Email. Thought it was going somewhere?

Charlie has an excellent point in this post about email.

So, while the kids, with their rock and roll and their ripped jeans and hacky sacks… err.. chrome spinners, may not have a need for e-mail now, it’s not going away anytime soon. Plus, most alternative methods, like Facebook, MySpace, Twitter, require both the sender and the recipient to both be on the same social network. E-mail is a least common denominator. We all have one and it requires no additional signup/login to send someone a message.

There’s been lots of talk about how we need Inbox 2.0 or that kids don’t use email any more (only IM, social network messaging, etc) but remember, they’re not in the work force.
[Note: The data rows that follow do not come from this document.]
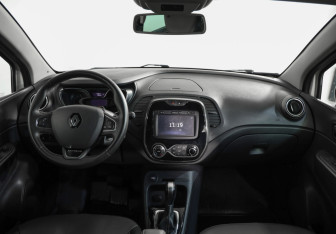 Подержанный автомобиль Renault Kaptur 2018 года (9 фото)
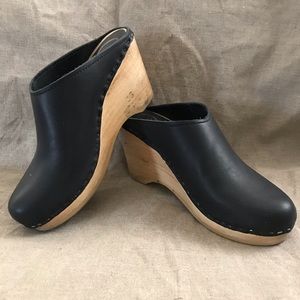 N0. 6 Classic Wedge Clog In Black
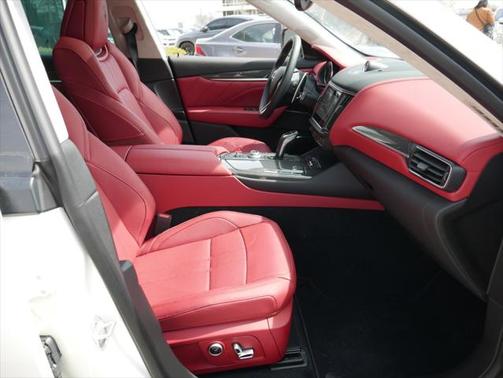 2023 Maserati Levante Modena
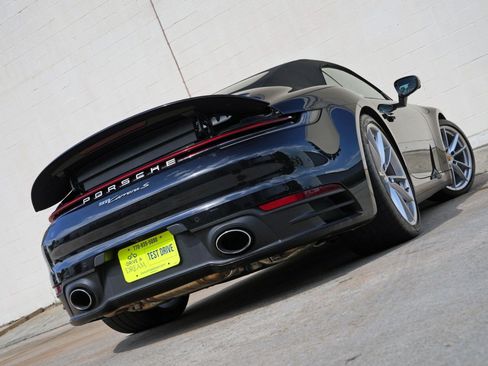 Used 2021 Porsche 911 Carrera S RWD image 53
Typically, the work force moves at a snails pace (with technology infrastructure) so when kids come of legal age to work, they’ll be using email for the foreseeable future.

Just because a kid uses IM or MySpace to send messages, don’t mean his boss will want to use that. At the end of the day, sending a spreadsheet or pitch document to your team/boss is necessary – whether it’s thru an attachment or an online URL; and email, as Charlie says, is the lowest common denominator of everything [today].

Fred recently (today) posted about messaging and that’s the larger conversation here.  If you step back to 30,000 feet and look at email/SMTP/POP/Exchange/rss/sms/IM/etc – it’s all about messaging.  He believes that there will be open platforms and that’s where it’s going in the foreseeable future.  I agree.  If my Outlook could send SMS messages/IM/etc – and group it all in one place, that would be fantastic.  A great name for this would have been Grand Central, but that’s taken by another startup (now owned by Google) in the telephony industry.  We should potentially call this Penn Station?

We all love innovation and in my opinion, there’s a heck of a lot of it occuring right now in the technology scene. Entrepreneurs are turning out radical new ideas almost daily and we haven’t caught up to even 10% of what they are churning out. Just because kids are using IM to converse with each other, doesn’ t mean we should drop what we’re doing now to adopt these alternative methods of communication. They aren’t mutually exclusive. Also, lets not get too far ahead of ourselves for the innovation curve. Innovation is great – but consumer adoption is more important (to build a sustainable business).